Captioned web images
*** Block opens ***

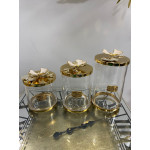 Sedefli Gold Detaylı Çay Şeker Kavanozu 3 Lü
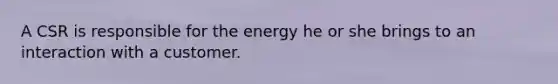 A CSR is responsible for the energy he or she brings to an interaction with a customer.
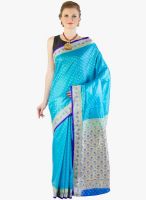 Xclusive Chhabra Aqua Blue Printed Saree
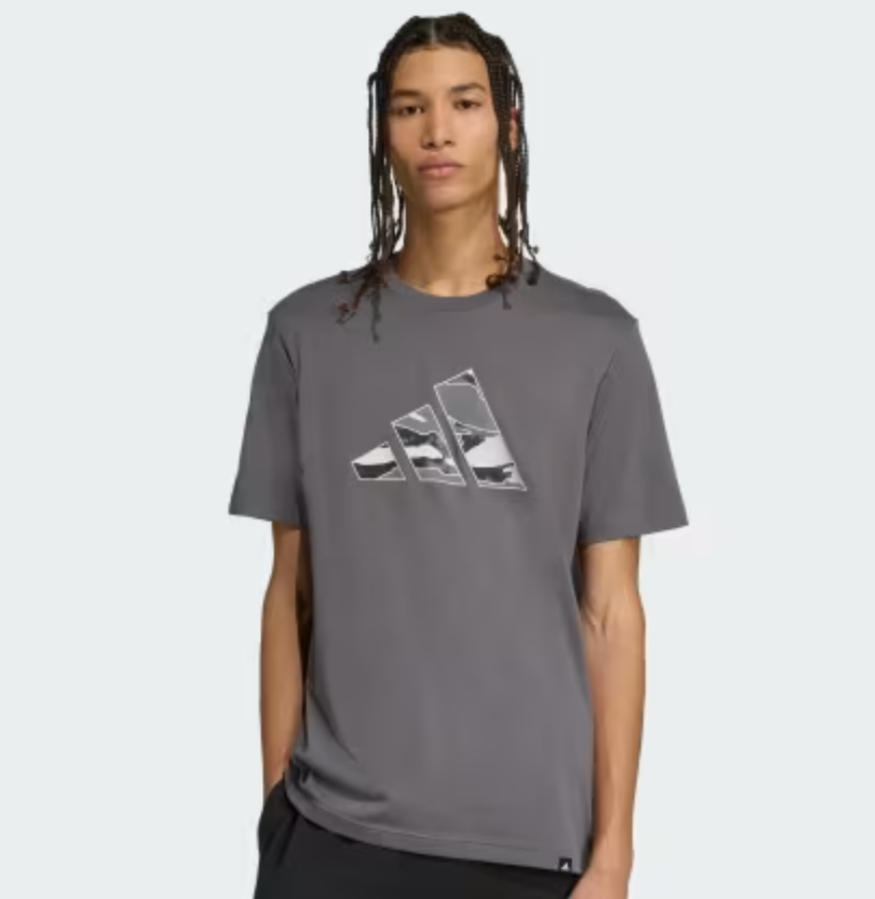 Adidas Camo Logo Graphic Tee in grey for men XL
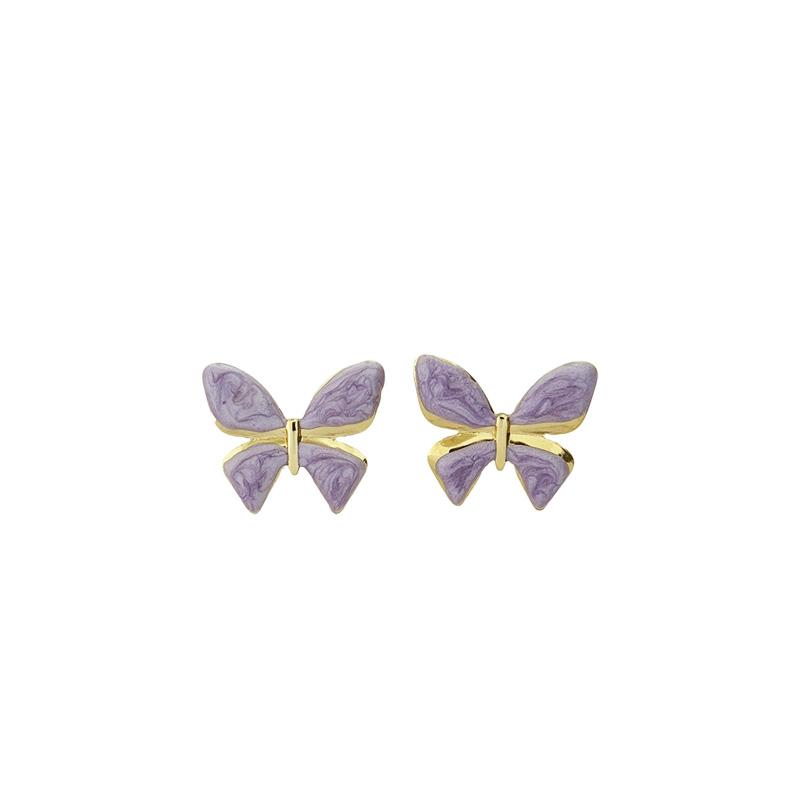 Purple Enamel Butterfly Stud Earrings for Women Cute Small Animal Lovely Sweet Female Ear Decoration Fashion Jewelry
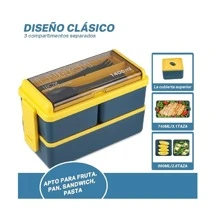 Lunch Box With Innovative, Resistant And Ergonomic Design Food Topper Suitable For Microwave And Dishwasher With 2 Cutlery - Blue - View 3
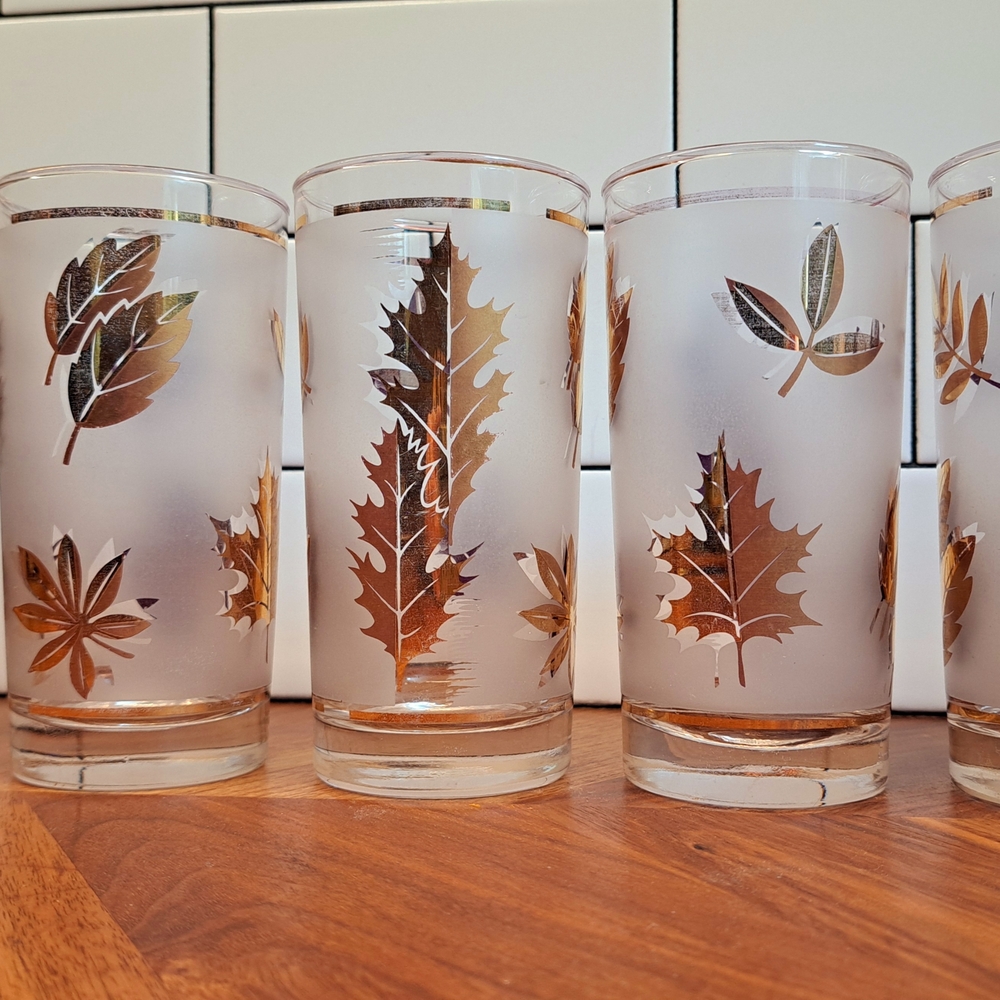 Vintage Libbey "Golden Leaf" Highball Frosted Glasses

*** Block closes ***

- **WHAT THE TASK ASKS**
Every line from the one with "Purple Enamel Butterfly" through the end of the records is to be reproduced exactly, and the pictures are to be left out.

- **FINISHED TASK**
 Purple Enamel Butterfly Stud Earrings for Women Cute Small Animal Lovely Sweet Female Ear Decoration Fashion Jewelry
 Lunch Box With Innovative, Resistant And Ergonomic Design Food Topper Suitable For Microwave And Dishwasher With 2 Cutlery - Blue - View 3
 Vintage Libbey "Golden Leaf" Highball Frosted Glasses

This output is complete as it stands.